Stored data entries:
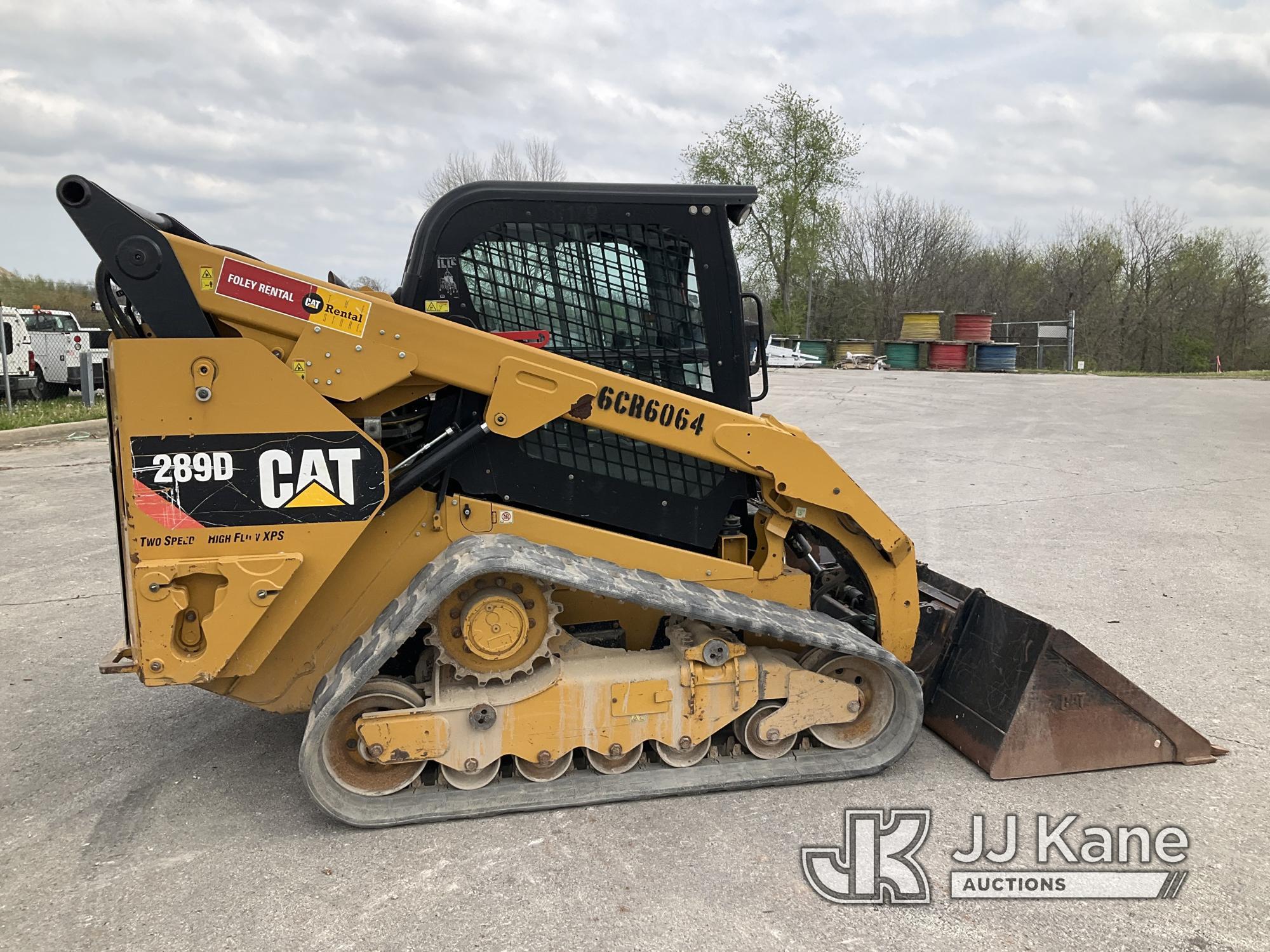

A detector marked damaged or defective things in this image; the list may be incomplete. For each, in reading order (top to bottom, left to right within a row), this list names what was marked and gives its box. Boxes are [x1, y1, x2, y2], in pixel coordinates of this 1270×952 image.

cracked concrete [2, 371, 1270, 952]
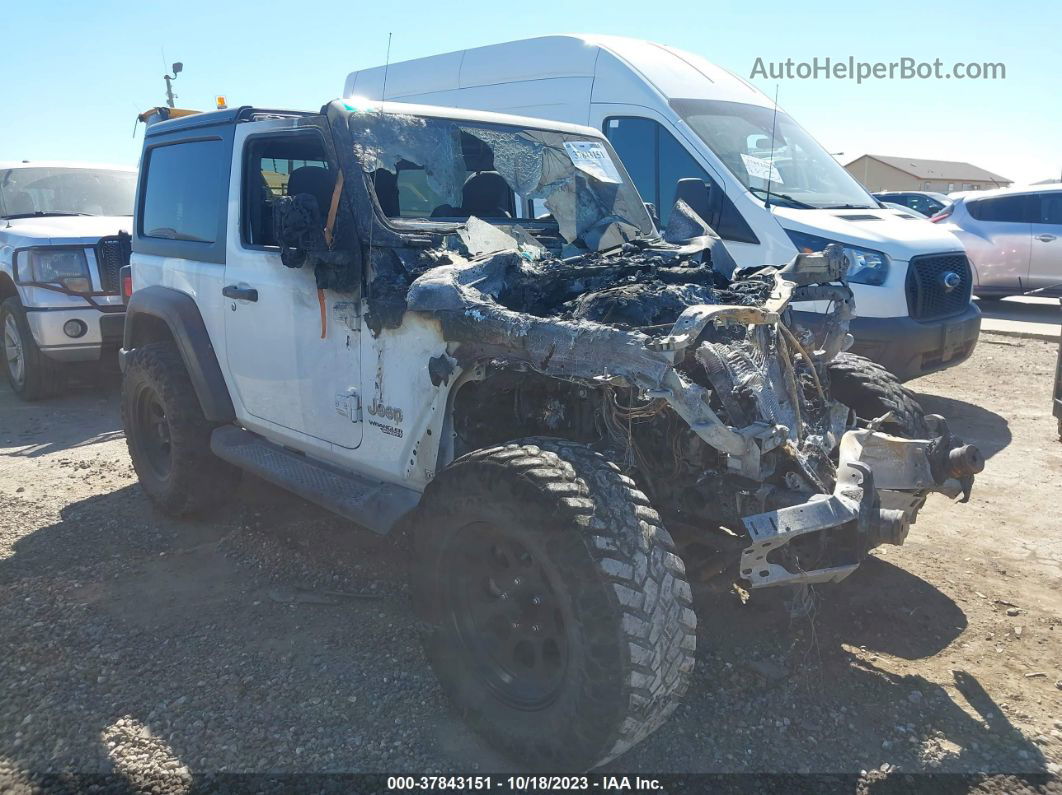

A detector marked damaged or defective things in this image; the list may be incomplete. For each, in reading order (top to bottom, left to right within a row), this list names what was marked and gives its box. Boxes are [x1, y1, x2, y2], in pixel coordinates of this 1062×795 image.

shattered windshield [0, 165, 136, 218]
shattered windshield [348, 111, 654, 251]
burned engine bay [324, 104, 985, 590]
burned front end of jeep [333, 104, 985, 590]
burned front bumper [739, 416, 977, 590]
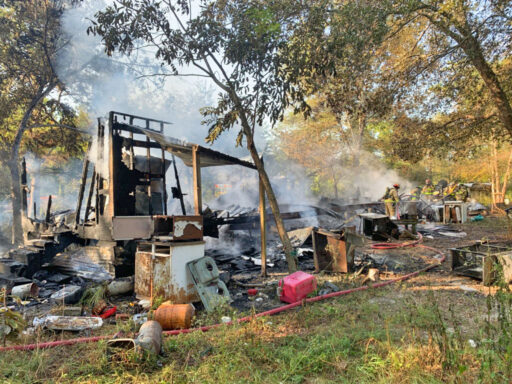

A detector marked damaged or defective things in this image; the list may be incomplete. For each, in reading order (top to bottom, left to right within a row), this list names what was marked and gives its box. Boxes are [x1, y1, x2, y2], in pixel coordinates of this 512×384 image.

rusty metal sheet [112, 216, 152, 240]
burned furniture [450, 243, 512, 284]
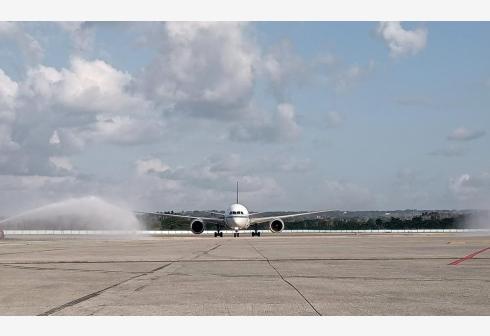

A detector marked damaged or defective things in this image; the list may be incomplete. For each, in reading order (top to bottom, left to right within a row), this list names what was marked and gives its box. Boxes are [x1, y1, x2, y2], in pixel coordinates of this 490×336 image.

pavement crack [39, 262, 175, 316]
pavement crack [249, 243, 322, 316]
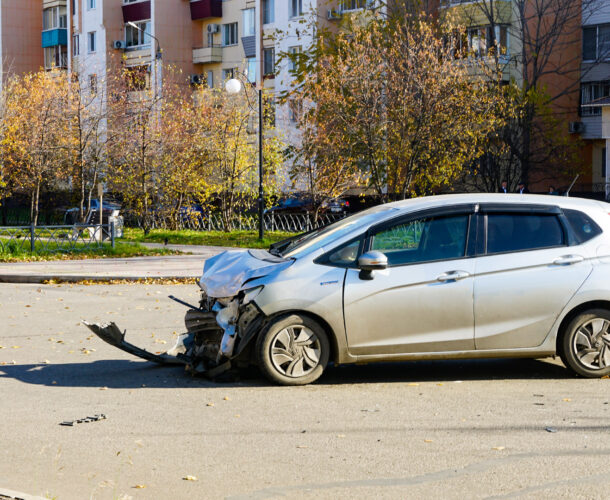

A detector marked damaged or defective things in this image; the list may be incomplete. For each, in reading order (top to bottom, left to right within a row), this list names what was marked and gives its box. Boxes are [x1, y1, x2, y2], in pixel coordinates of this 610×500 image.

damaged front end [83, 248, 292, 376]
crumpled car hood [200, 247, 292, 294]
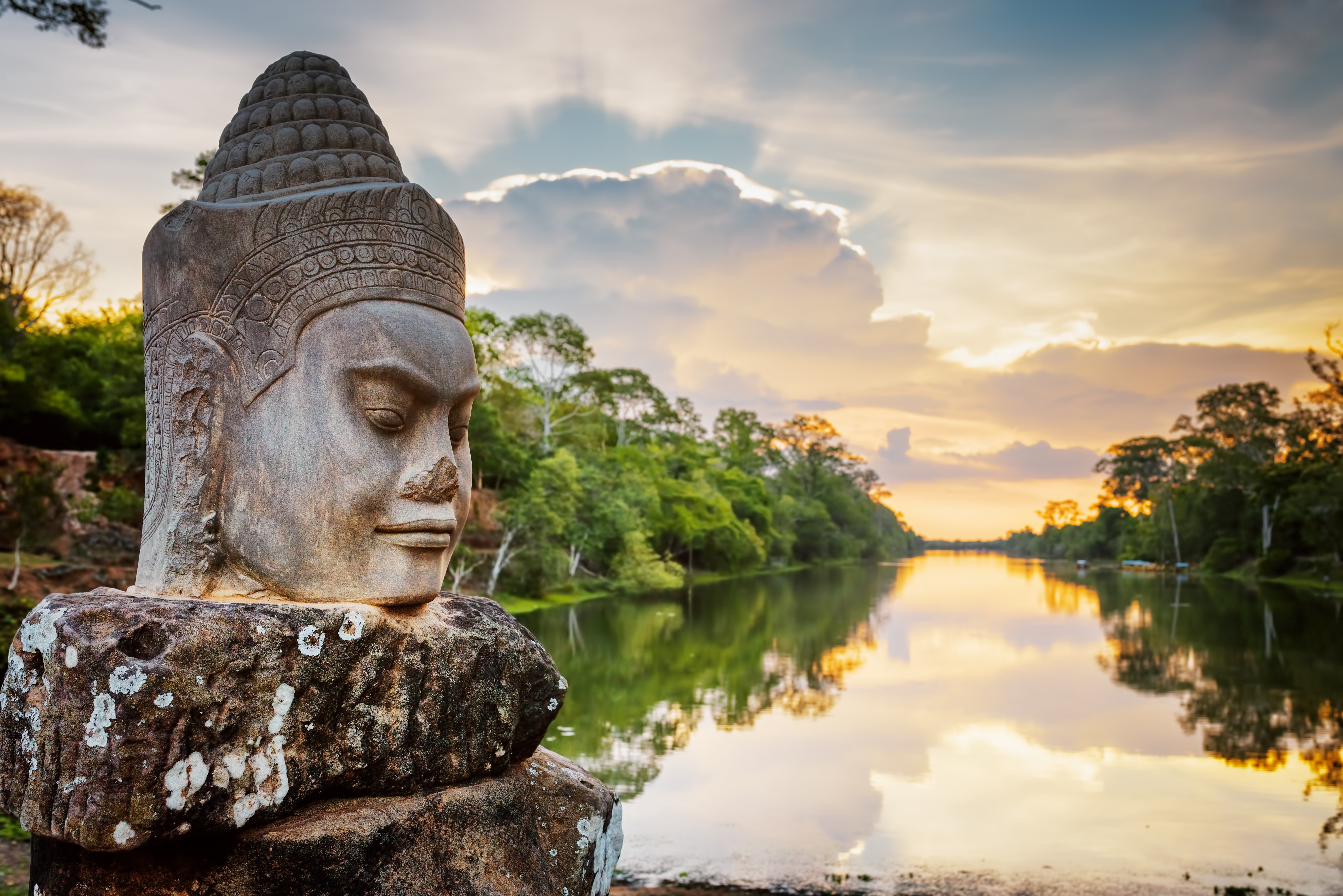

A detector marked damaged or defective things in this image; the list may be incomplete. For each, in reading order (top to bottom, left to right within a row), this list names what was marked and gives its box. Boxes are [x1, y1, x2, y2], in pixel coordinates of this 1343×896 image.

● PROMPT
In the transcription, every picture is to be excluded and the records above given again exactly.

● WRITTEN RESPONSE
A detector marked damaged or defective things in this image; the list may be incomplete. For each, in reading order (top to bottom, left to right within a row), this list names what was marked and gives its box. Boxes are [x1, y1, x2, y2], in pixel coordinates of this 1270×952 image.

cracked concrete [2, 371, 1270, 952]

A detector marked damaged or defective things in this image; the list may be incomplete. For each, in reading order (top to bottom, left to right within a row), this list names what was marked and gives its box. Boxes are [x1, y1, x2, y2], in pixel coordinates of this 1062×795 image.

shattered windshield [0, 165, 136, 218]
shattered windshield [348, 111, 654, 251]
burned engine bay [324, 104, 985, 590]
burned front end of jeep [333, 104, 985, 590]
burned front bumper [739, 416, 977, 590]

A detector marked damaged or defective things in this image; the list may be incomplete. For each, in reading order (top to bottom, left to right within a row), this list names what was marked and gives its box. Boxes are [x1, y1, x2, y2], in pixel coordinates of this 512×384 image.

rusty metal sheet [112, 216, 152, 240]
burned furniture [450, 243, 512, 284]

A detector marked damaged or defective things in this image; the list may be incomplete. For each, in reading order (top to bottom, left to right within a row), this list names what was marked and gives its box. Boxes are [x1, y1, x2, y2], in pixel coordinates of this 490×336 image.

pavement crack [39, 262, 175, 316]
pavement crack [249, 243, 322, 316]

A detector marked damaged or defective things in this image; the list may be incomplete. For each, in reading order (top to bottom, left to right within a row), this list names what was marked and gives its box. Boxes are [x1, y1, x2, y2], in pixel coordinates of this 610×500 image.

damaged front end [83, 248, 292, 376]
crumpled car hood [200, 247, 292, 294]

A detector marked damaged or defective things in this image; the list may be incomplete. For each, in reading order (top to bottom, left to right within a row), this list names what was marked and gives its box. Boxes are [x1, y1, x2, y2], in pixel coordinates of this 1343×896 image.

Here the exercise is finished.